If you guessed "post rock," you would be correct (although I'm betting that math rock was also a major temptation). Named after a repeating, fractal image, the group creates long tracks (their debut album features six songs that clock in at over forty-five minutes) that combine sprawling droning atmosphere with face-mashing, full on rock. They have things in common with Mogwai, Explosions In The Sky, Godspeed You Black Emperor, and many, many others, and yet they manage to pull off some moments that stick out amongst the crowded field.
The group starts off on the right foot with "And The Rockets Red Glare / Bombs Burst In Air" as tribal-sounding drums build in power alongside some repetitive bass work while dry guitar notes ring out. The track reaches full-on rock-out about halfway through before taking things down to shimmering ambience for awhile. Oh yeah, and then they come back for an ending that lays waste to anything that came before it, with squalls of white-hot guitar that sound like they're shredding amp speakers.
That's the general construction that tracks take on, with some variations of course. "Constellation Of Rings" is the big exception, a loose piece that clocks in at over thirteen minutes and features everything from trippy electronic effects that call to mind the spaced-out work of Yume Bitsu to plucky banjo melodies and acoustic guitar that nicely offset the one blistering guitar passage. In terms of sheer release, there's nothing on the album that tops the nearly ten-minute "Benoit B. Mandelbrot," a track that takes about three minutes to get going before simply laying waste for a majority of the rest of the track while pausing to take only short breathers. Sure, it's been done before, but this trio still seems to wrench something out of it all that sounds fresh.
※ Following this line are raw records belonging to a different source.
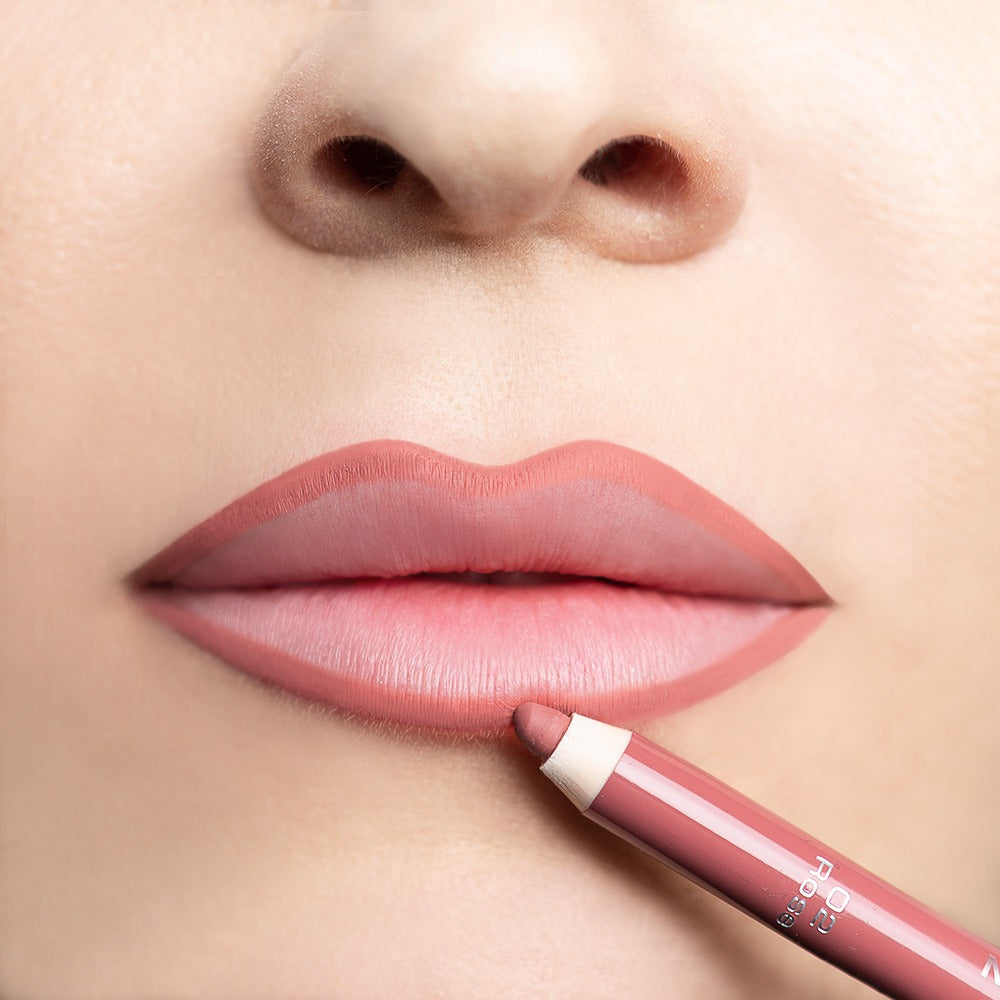 Essens-Lip Pencil 02 Rose-Makeup Stash Pakistan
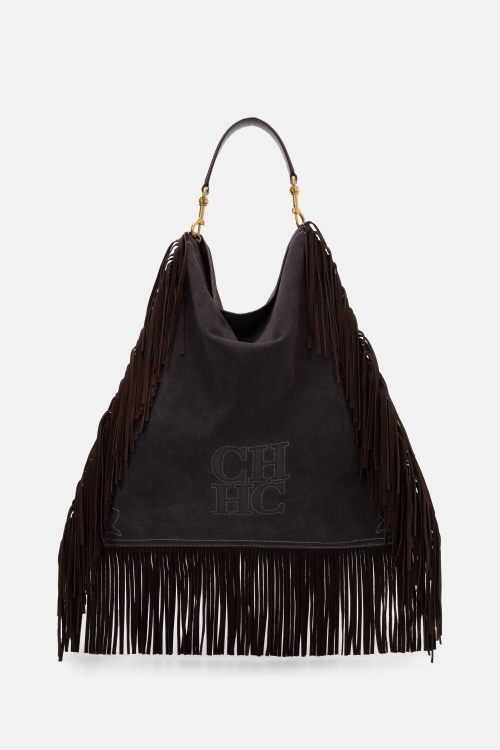 PONCHO | LARGE SHOULDER BAG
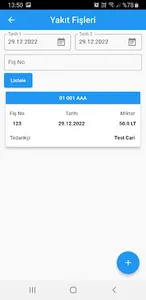 Hafriyat Mobil screenshot 1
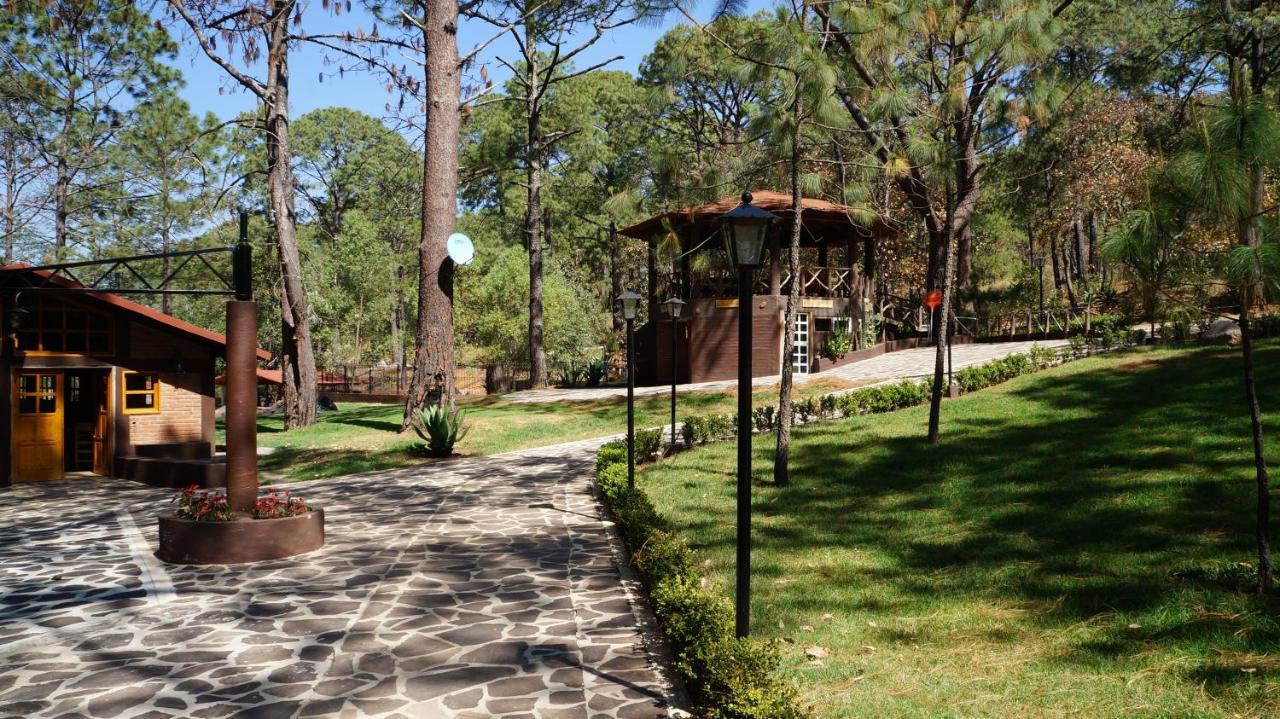 Hotel Rincon Del Bosque Mazamitla Esterno foto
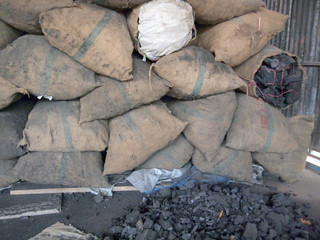 Charcoal for Sale in Bag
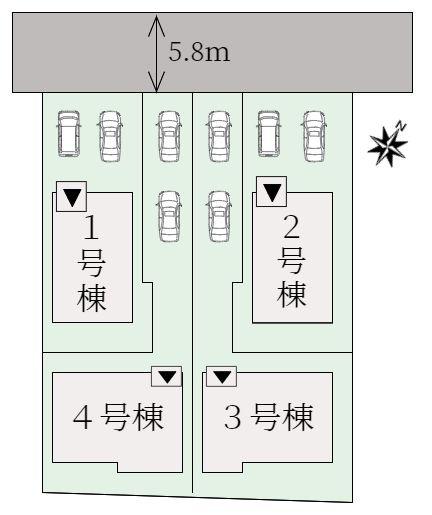 春日市千歳町２丁目の新築一戸建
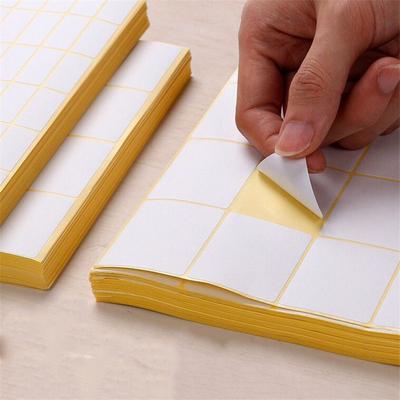 Клейкая бумага для этикеток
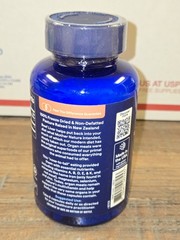 Sealed! Trace Minerals Beef Liver 500mg Superfood 180 capsules exp: 10/2026
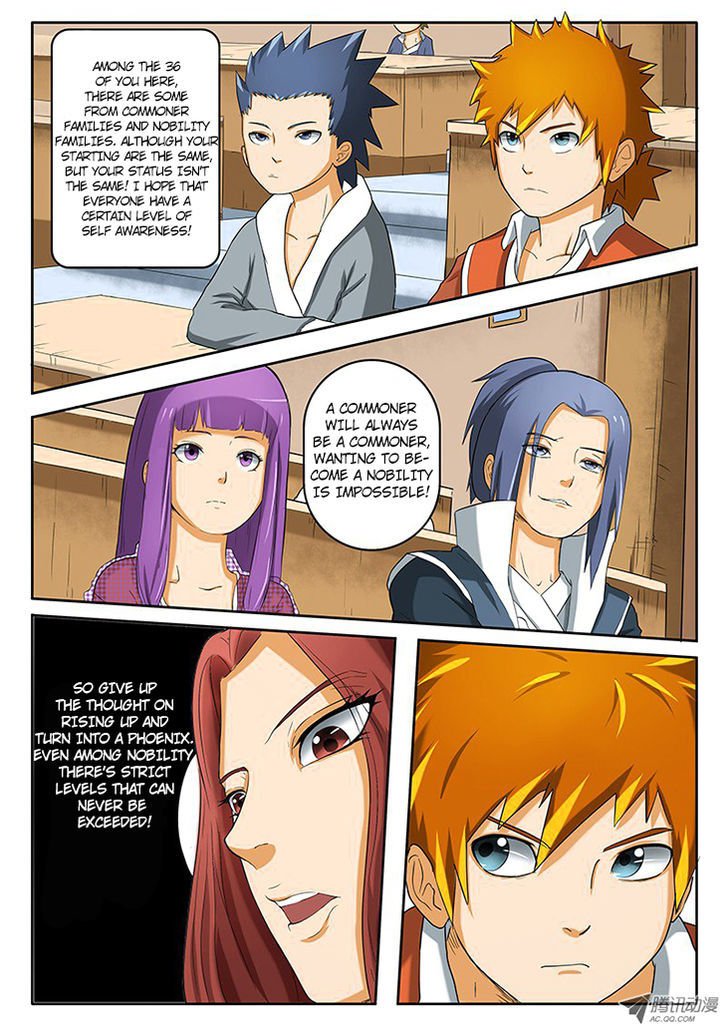 Tales of Demons and Gods Chapter 2 page 6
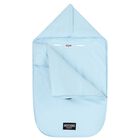 Blue Teddy Bear Logo Baby Nest, 2, hi-res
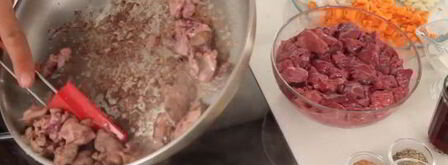 паштет из куриной печени с портвейном. Шаг 3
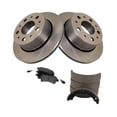 thumbnail image 1 of Geelife For 2014-2016 Ram 1500 2500 3500 ProMaster Rear Brake Pad & Rotor Kit, 1 of 11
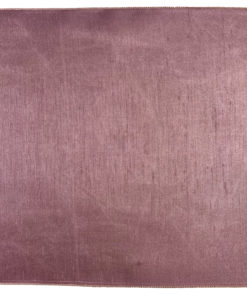 Mauve shantung runner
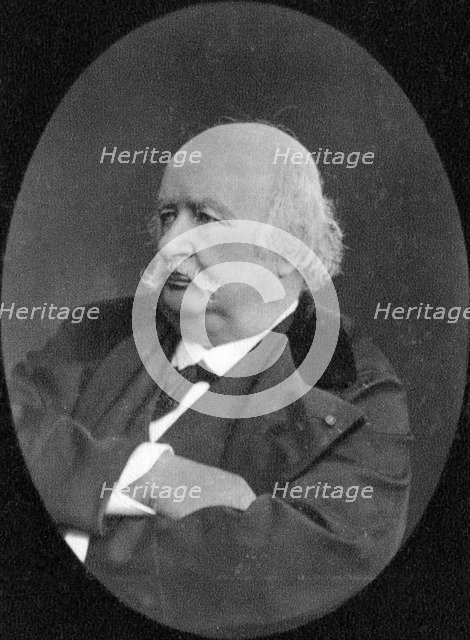 Jules Sandeau, French novelist, 1881. Artist: Unknown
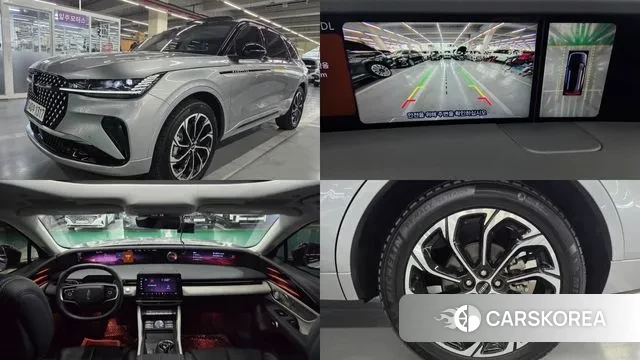 Lincoln Nautilus 2nd Generation 2025 Серебристо-серый из Кореи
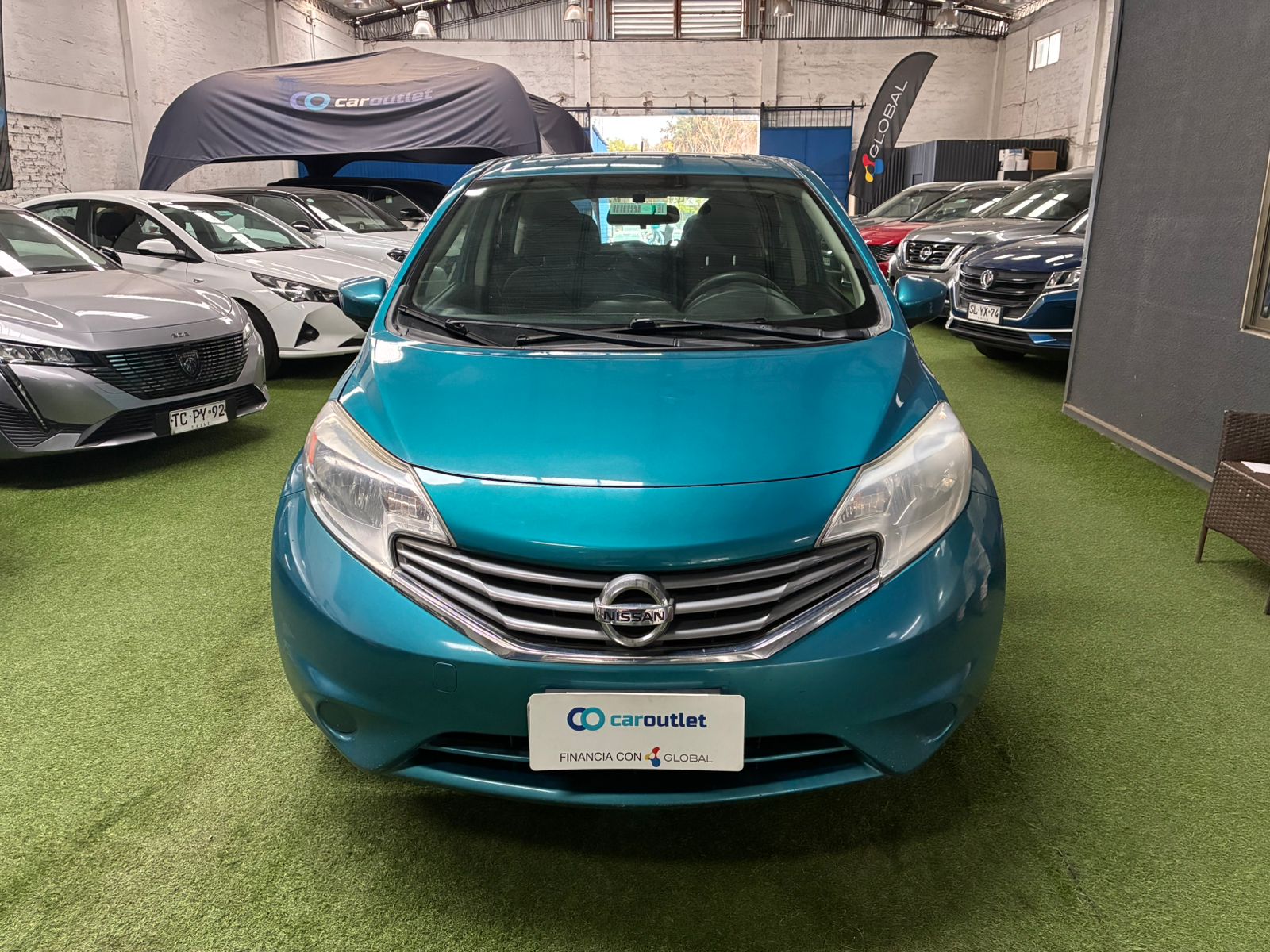 NISSAN NOTE SENSE 1.6 2016 - Imagen 6 de 11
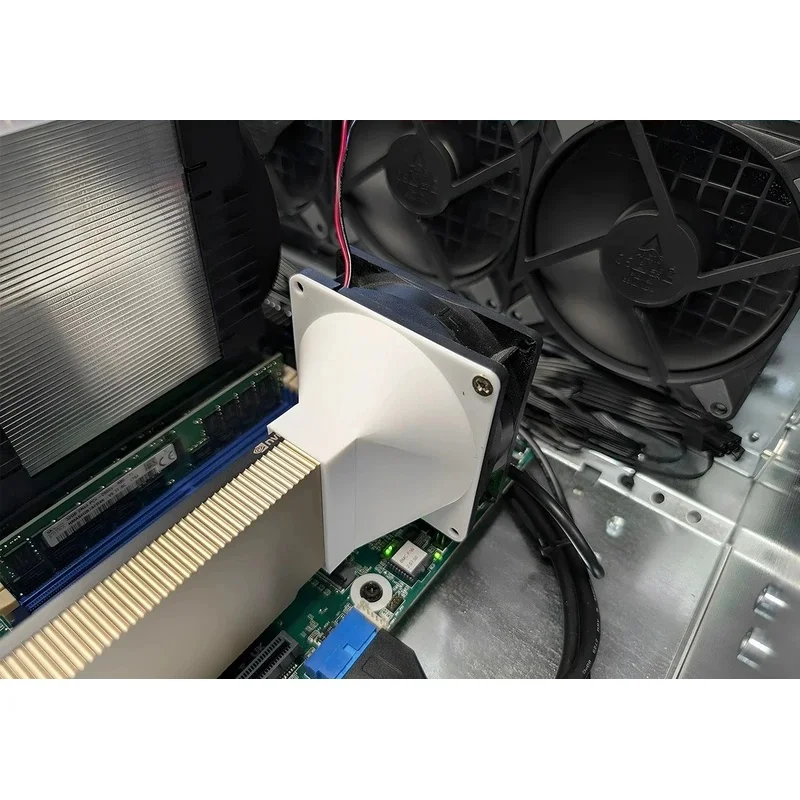 100% New Cooling Fan FOR NVIDIA Tesla A2 L4 T4 Low‑Profile Compute GPU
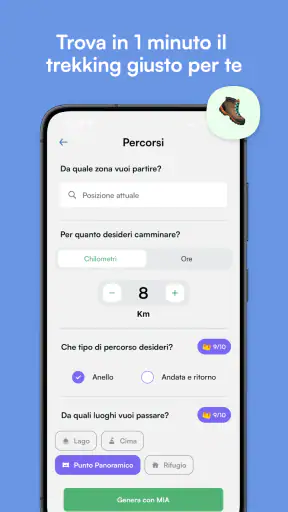 Mountain Maps: Escursioni screenshot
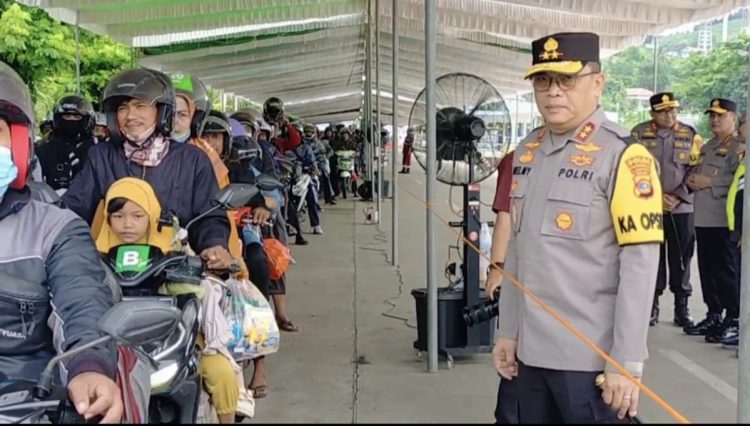 Kapolda Lampung Ajak Pemudik Prioritaskan Istirahat Demi Keselamatan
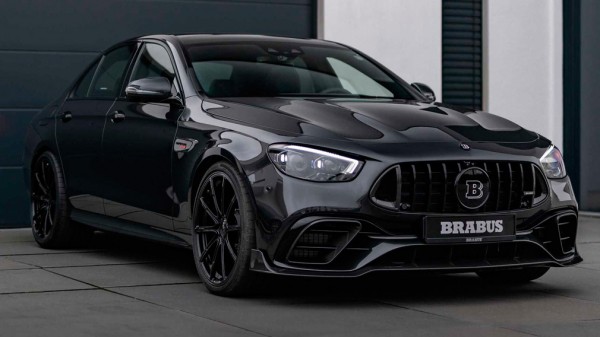 Ателье Brabus подготовило 900-сильный Mercedes-AMG E 63 S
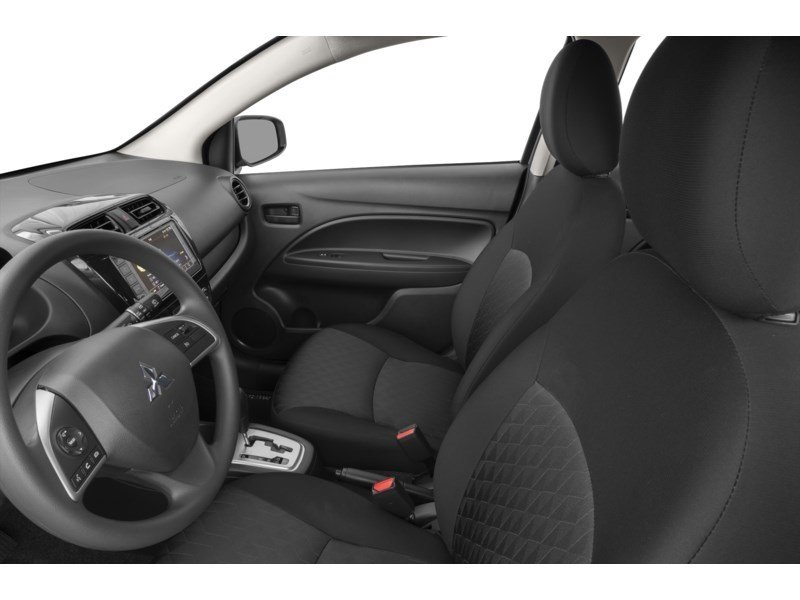 2024 Mitsubishi Mirage ES CVT Interior Shot 4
One thing that is both a positive and sort of a liability of the group is that this debut feels much more loose than a lot of other bands doing similar things. It's not as mechanical and cold as a lot of post rock artists, but at the same time it does get pretty darn noodly and unfocused in places. That said, it's a debut, and the group gets a positive nod for some really interesting artwork (a fold-out poster includes both oil production and consumption charts for each country, along with a transparent guide to measure the disparities) and some punishing sonics that sound like they've being created by twice as many people. A solid debut.